**TASK GOAL:**
Find the line in the entries below that contains "Двуетажна обзаведена къща". Repeat it exactly, and every line after it through the line that contains "文化局局長江躍辰與新城鄉長何禮臺 共商提升新城鄉立圖書館內閱讀空間".

**DATA FOR ANALYSIS:**
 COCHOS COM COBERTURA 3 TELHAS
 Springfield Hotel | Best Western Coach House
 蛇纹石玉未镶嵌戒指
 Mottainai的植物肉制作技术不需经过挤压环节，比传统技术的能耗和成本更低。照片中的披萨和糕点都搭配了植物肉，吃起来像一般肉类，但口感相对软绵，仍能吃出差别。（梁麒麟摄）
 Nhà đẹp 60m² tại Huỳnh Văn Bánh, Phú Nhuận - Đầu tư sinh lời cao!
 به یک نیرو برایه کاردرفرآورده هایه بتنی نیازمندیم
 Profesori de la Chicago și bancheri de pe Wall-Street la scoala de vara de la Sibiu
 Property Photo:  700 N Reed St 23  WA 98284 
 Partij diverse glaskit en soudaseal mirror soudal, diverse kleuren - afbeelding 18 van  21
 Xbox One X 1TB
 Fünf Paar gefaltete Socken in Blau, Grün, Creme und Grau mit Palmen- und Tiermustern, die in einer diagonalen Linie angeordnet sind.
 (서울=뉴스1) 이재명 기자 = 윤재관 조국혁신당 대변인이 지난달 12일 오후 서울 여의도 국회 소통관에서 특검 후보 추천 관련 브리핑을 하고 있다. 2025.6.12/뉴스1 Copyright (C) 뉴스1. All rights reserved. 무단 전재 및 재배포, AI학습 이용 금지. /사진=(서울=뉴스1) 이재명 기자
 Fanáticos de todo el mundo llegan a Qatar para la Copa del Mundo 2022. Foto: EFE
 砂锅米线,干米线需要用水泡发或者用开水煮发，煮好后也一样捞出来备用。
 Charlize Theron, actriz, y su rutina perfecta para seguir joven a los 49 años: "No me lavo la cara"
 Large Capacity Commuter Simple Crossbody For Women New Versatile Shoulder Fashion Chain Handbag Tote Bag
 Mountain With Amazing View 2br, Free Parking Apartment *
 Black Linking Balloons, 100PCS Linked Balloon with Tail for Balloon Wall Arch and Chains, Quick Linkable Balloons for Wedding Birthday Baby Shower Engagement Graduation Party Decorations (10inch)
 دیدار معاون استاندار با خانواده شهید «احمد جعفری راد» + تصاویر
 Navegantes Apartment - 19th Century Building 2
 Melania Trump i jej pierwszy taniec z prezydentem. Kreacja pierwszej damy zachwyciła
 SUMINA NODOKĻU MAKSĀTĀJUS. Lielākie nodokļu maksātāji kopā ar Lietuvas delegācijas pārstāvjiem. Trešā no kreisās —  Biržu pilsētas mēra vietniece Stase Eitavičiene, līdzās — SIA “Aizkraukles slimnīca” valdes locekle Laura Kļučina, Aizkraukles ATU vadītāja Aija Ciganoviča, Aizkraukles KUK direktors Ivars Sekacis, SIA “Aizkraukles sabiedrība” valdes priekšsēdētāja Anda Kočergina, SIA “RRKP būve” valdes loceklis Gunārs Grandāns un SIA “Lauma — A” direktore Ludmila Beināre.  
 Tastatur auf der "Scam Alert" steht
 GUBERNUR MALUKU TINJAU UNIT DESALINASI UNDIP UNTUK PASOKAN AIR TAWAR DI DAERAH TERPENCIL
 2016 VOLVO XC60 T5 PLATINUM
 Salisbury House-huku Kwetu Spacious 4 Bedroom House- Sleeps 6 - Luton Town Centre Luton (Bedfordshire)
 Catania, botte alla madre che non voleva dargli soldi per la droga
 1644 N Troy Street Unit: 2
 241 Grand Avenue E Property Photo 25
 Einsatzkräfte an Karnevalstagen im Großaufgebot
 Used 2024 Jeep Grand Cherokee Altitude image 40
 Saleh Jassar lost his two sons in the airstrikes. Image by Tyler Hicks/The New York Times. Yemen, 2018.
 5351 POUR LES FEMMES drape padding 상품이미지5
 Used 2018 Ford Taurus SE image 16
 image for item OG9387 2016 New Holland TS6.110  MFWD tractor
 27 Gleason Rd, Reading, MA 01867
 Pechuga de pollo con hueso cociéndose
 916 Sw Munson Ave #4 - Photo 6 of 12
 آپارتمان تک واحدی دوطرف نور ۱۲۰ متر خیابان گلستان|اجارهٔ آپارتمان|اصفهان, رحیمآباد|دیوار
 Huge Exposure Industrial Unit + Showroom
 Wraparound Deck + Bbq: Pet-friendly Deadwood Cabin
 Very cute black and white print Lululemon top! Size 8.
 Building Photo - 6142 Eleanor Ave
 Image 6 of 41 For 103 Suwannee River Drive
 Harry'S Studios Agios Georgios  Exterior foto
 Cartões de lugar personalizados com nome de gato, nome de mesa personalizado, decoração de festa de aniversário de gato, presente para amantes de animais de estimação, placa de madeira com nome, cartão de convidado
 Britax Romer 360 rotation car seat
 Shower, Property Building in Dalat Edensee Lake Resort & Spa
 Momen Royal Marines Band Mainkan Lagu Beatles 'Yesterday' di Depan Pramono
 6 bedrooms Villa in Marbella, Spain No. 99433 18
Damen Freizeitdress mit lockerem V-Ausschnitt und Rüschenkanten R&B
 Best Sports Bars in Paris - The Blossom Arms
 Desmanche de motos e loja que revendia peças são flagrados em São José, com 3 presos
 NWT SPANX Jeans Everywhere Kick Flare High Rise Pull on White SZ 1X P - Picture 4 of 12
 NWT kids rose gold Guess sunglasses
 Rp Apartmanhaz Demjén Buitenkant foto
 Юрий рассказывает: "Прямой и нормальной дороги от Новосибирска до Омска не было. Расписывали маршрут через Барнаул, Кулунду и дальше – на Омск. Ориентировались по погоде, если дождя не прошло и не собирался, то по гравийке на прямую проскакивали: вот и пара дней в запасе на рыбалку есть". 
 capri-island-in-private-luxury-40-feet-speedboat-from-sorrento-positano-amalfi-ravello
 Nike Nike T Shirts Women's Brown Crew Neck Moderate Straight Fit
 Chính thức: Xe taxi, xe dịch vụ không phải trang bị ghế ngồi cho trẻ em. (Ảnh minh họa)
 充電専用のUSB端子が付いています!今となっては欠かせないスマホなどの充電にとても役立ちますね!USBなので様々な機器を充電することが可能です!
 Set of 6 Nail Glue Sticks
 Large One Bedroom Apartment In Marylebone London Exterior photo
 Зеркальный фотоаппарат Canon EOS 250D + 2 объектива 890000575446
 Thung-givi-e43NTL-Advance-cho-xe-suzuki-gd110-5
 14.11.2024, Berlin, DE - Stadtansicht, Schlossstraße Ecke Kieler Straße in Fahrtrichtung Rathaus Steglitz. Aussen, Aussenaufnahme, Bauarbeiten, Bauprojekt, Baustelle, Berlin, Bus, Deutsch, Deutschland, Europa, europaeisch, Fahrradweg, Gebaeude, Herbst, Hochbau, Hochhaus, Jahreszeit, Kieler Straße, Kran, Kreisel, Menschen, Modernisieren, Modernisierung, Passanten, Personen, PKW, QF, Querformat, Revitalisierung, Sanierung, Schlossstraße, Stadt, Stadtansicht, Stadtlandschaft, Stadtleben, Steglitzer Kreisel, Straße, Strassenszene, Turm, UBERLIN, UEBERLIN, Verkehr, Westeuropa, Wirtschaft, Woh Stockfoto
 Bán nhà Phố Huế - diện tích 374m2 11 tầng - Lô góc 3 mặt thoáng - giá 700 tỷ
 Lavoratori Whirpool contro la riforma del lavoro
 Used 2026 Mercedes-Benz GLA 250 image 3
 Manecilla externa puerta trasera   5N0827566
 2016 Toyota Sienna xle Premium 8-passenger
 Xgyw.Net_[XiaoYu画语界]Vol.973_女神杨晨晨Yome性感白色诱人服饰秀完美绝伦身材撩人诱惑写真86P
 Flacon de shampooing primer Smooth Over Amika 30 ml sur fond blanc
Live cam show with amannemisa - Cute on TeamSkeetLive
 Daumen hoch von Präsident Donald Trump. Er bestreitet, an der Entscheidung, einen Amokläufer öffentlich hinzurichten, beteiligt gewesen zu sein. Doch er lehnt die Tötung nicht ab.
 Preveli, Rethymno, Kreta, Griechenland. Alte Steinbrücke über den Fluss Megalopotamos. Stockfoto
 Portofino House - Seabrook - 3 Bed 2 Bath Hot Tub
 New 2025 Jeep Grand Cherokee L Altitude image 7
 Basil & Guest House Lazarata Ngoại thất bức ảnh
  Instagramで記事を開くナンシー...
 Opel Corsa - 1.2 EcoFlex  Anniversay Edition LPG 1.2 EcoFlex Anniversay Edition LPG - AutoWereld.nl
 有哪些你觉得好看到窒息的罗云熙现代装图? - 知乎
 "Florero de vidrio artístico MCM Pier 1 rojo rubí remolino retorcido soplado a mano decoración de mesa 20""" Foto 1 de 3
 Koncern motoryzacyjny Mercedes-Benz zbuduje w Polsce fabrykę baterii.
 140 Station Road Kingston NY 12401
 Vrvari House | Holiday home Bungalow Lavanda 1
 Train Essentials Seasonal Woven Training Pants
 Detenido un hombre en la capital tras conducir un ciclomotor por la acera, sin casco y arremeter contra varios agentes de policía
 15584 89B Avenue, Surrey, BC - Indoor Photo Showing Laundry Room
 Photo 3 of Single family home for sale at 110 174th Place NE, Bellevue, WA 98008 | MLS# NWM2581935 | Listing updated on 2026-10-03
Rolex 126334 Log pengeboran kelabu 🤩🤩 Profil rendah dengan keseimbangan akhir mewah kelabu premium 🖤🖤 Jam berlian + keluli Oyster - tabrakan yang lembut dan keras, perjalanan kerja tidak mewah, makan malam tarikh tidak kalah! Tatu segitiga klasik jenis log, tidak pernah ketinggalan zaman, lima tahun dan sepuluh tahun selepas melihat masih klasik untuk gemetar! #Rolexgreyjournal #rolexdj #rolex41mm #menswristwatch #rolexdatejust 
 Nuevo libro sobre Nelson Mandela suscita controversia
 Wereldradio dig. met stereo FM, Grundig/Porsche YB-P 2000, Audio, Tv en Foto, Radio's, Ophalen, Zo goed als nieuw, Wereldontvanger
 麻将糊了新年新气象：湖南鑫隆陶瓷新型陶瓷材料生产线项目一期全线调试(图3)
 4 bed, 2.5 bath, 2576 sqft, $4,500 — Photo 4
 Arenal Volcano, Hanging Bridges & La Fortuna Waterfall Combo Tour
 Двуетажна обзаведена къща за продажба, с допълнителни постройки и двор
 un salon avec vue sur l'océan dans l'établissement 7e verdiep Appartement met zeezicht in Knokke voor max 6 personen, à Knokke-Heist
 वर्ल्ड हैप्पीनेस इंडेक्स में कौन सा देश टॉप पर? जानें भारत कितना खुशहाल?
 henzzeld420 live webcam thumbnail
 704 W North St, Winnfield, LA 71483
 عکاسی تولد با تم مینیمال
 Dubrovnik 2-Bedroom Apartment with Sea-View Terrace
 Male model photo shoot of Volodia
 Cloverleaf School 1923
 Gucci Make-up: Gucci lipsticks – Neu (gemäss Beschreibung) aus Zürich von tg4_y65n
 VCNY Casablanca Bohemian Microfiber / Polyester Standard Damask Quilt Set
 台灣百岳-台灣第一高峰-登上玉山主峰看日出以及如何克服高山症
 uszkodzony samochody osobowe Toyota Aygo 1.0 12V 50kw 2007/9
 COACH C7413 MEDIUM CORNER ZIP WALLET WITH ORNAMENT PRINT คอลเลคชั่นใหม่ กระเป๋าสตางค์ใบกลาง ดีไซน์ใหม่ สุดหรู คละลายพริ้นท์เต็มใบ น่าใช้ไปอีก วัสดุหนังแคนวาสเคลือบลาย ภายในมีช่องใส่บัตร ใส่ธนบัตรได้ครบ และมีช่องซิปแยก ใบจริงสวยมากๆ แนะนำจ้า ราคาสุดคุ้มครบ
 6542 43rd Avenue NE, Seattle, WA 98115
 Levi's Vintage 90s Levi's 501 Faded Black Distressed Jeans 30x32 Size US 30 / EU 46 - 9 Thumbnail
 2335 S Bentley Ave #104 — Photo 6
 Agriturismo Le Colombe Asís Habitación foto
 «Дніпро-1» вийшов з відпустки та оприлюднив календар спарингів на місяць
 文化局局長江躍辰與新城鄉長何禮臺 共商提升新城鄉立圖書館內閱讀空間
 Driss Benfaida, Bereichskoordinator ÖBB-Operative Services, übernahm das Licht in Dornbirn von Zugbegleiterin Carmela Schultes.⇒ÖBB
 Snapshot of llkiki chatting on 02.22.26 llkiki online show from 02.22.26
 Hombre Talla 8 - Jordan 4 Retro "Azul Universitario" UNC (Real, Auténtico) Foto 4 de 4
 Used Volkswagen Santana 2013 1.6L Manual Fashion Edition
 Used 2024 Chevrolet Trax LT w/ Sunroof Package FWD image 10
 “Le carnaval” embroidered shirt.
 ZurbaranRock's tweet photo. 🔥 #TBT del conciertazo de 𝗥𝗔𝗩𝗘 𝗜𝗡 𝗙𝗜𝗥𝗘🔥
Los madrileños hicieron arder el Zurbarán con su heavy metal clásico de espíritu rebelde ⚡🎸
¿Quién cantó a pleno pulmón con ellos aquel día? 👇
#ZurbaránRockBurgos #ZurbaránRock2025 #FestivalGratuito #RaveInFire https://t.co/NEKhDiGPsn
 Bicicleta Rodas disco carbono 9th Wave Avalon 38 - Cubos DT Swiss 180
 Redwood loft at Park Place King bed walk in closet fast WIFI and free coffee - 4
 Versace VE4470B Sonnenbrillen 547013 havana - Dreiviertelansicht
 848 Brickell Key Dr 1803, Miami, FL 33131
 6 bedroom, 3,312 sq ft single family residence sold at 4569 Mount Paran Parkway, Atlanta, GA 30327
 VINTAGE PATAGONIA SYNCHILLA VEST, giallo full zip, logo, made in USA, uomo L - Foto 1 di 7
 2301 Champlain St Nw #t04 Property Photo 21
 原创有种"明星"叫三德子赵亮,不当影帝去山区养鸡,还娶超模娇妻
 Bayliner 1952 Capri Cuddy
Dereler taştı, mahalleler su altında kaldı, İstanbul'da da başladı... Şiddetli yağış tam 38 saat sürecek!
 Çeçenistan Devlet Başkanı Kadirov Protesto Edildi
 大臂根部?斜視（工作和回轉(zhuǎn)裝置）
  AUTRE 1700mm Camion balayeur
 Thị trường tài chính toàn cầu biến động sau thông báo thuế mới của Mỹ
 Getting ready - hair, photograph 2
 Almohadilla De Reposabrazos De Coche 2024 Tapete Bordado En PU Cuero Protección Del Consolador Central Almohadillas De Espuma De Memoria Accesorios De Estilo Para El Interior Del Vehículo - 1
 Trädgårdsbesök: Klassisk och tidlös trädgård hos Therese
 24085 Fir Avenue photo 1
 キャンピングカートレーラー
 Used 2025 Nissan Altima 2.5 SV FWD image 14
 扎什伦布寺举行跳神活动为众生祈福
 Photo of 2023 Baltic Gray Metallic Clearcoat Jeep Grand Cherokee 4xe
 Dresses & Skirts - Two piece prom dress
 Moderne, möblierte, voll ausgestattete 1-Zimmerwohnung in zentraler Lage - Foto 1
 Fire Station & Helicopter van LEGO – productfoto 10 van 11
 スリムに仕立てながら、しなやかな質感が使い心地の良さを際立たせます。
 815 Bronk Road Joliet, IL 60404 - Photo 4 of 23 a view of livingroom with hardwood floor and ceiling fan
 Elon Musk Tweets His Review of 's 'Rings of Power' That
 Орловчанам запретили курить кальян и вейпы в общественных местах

**TASK OUTPUT:**
 Двуетажна обзаведена къща за продажба, с допълнителни постройки и двор
 un salon avec vue sur l'océan dans l'établissement 7e verdiep Appartement met zeezicht in Knokke voor max 6 personen, à Knokke-Heist
 वर्ल्ड हैप्पीनेस इंडेक्स में कौन सा देश टॉप पर? जानें भारत कितना खुशहाल?
 henzzeld420 live webcam thumbnail
 704 W North St, Winnfield, LA 71483
 عکاسی تولد با تم مینیمال
 Dubrovnik 2-Bedroom Apartment with Sea-View Terrace
 Male model photo shoot of Volodia
 Cloverleaf School 1923
 Gucci Make-up: Gucci lipsticks – Neu (gemäss Beschreibung) aus Zürich von tg4_y65n
 VCNY Casablanca Bohemian Microfiber / Polyester Standard Damask Quilt Set
 台灣百岳-台灣第一高峰-登上玉山主峰看日出以及如何克服高山症
 uszkodzony samochody osobowe Toyota Aygo 1.0 12V 50kw 2007/9
 COACH C7413 MEDIUM CORNER ZIP WALLET WITH ORNAMENT PRINT คอลเลคชั่นใหม่ กระเป๋าสตางค์ใบกลาง ดีไซน์ใหม่ สุดหรู คละลายพริ้นท์เต็มใบ น่าใช้ไปอีก วัสดุหนังแคนวาสเคลือบลาย ภายในมีช่องใส่บัตร ใส่ธนบัตรได้ครบ และมีช่องซิปแยก ใบจริงสวยมากๆ แนะนำจ้า ราคาสุดคุ้มครบ
 6542 43rd Avenue NE, Seattle, WA 98115
 Levi's Vintage 90s Levi's 501 Faded Black Distressed Jeans 30x32 Size US 30 / EU 46 - 9 Thumbnail
 2335 S Bentley Ave #104 — Photo 6
 Agriturismo Le Colombe Asís Habitación foto
 «Дніпро-1» вийшов з відпустки та оприлюднив календар спарингів на місяць
 文化局局長江躍辰與新城鄉長何禮臺 共商提升新城鄉立圖書館內閱讀空間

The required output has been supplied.